Di kursi tunggu depan ICU ini aku berada. Duduk seorang diri dengan mushaf di tanganku. Membaca ayat-ayat-Nya mampu membuat hati yang gelisah, galau menjadi tenang.
Aku tutup mushaf ini, kemudian pandanganku melihat ke sekeliling. Tampak sepi. Tante Hani dan suaminya pamit pulang dahulu semenjak satu jam yang lalu, sedangkan Ibu dan Kak Marco aku tidak tahu mereka pergi ke mana.
“Kuatkanlah hatiku ya Allah, sesungguhnya rencana-Mu jauh lebih indah,” gumamku menyemangati diri sendiri.
Pandanganku beralih menatap pintu ICU yang masih tertutup. Dokter dan perawat belum mengizinkan salah seorang dari kami menjenguk Ayah. Aku sudah rindu dengan wajah lelah beliau. Walau Ayah begitu berbeda dengan dulu, aku tetap menyayangi beliau tanpa kurang sedikit pun.

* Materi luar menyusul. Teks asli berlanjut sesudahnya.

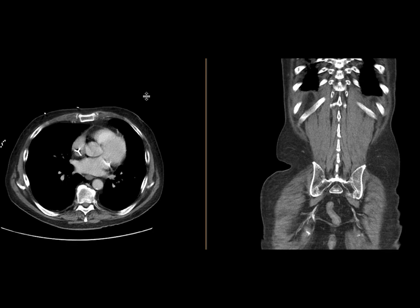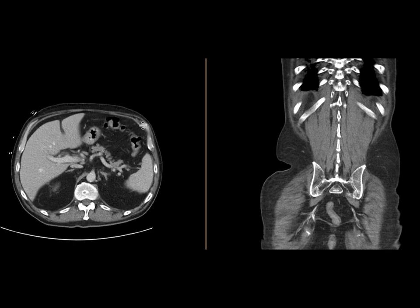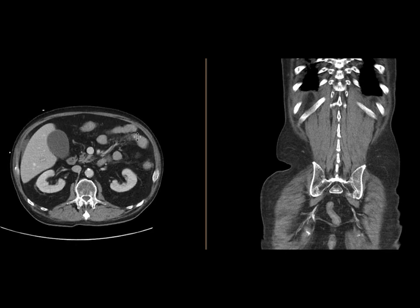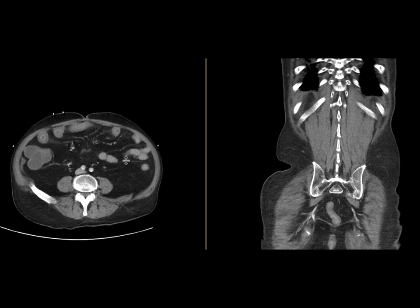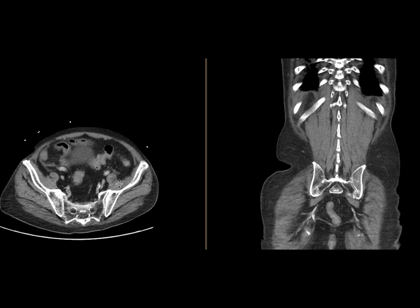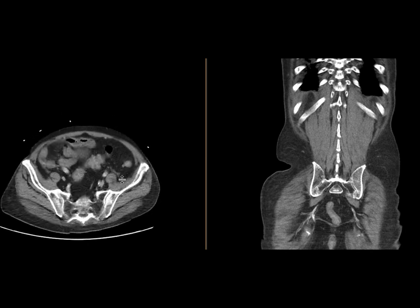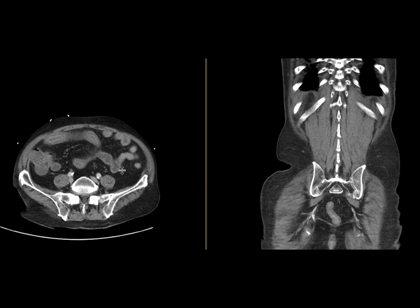This is a patient who came with abdominal pain and got a CT scan of the abdomen and pelvis with intravenous contrast. We can see that there is abnormality involved in the small bowel — it's quite diffuse in that multiple loops of small bowel are quite thickened.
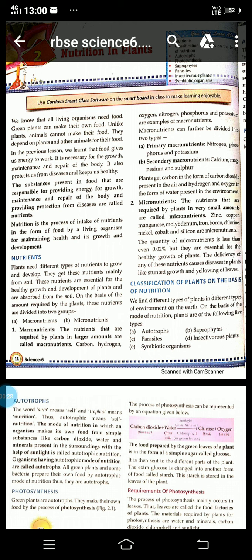Let's start with our second chapter, Nutrition in Plants. Students, I hope you all remember that in our previous chapter, Chapter 1, Sources of Food, we studied about the different sources of food and the importance of food. Why is food important for our body? Because it contains a substance which provides energy for growth, maintenance and repair of the body and also protects our body from diseases.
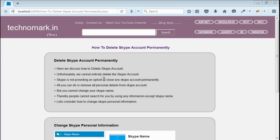Skype is not providing an option to close your account. All you can do is remove your personal information, so that you will not be searched by any of the personal information.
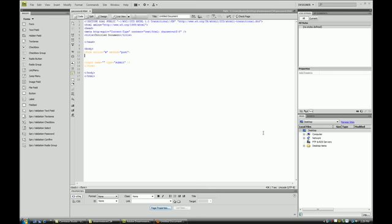This is seen often in input forms. Whenever you are creating a password or creating an account where you have to put in your email, it's either seen on email or password fields. I don't think I've seen it on very many other forms, but what this is, is when you have two different input boxes, you want to check one against the other.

Nada dering telepon terdengar dari dalam tasku. Dengan segera aku mengambil benda pipih itu. Orang tidak dikenal lagi meneleponku.
“Siapa?” jawabku malas.
“Assalamualaikum, Sha. Gimana keadaan Ayah?” Mendengar suara dari seberang sana aku sedikit terkejut.

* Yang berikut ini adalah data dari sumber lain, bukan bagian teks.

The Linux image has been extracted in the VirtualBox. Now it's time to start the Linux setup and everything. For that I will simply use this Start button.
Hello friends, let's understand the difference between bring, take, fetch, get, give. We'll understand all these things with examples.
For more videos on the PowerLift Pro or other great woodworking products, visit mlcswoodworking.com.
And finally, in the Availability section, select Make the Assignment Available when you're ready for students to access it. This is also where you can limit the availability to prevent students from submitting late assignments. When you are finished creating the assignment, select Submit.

“Waalaikumsallam, Ustaz. Afwan tidak salam. Belum tahu, dokter belum mengizinkan menjenguk Ayah. Doakan yang terbaik untuk Ayah, Ustaz,” kataku sembari menatap pintu ICU. Aku sangat berharap ada seorang dokter atau perawat keluar dari dalam sana dan mengizinkan aku untuk bertemu Ayah.
“Aamiin ya Rabb. Maaf saya nggak bisa ikut menunggu Ayah, sedang ada urusan. Semoga semua selalu dalam lindungan Allah. Assalamu'alaikum.”
Aku tersenyum tipis. “Ustaz Aan, terima kasih banyak, ya. Semoga Allah membalas segala kebaikan, Ustaz. Wa'alaikumsallam.”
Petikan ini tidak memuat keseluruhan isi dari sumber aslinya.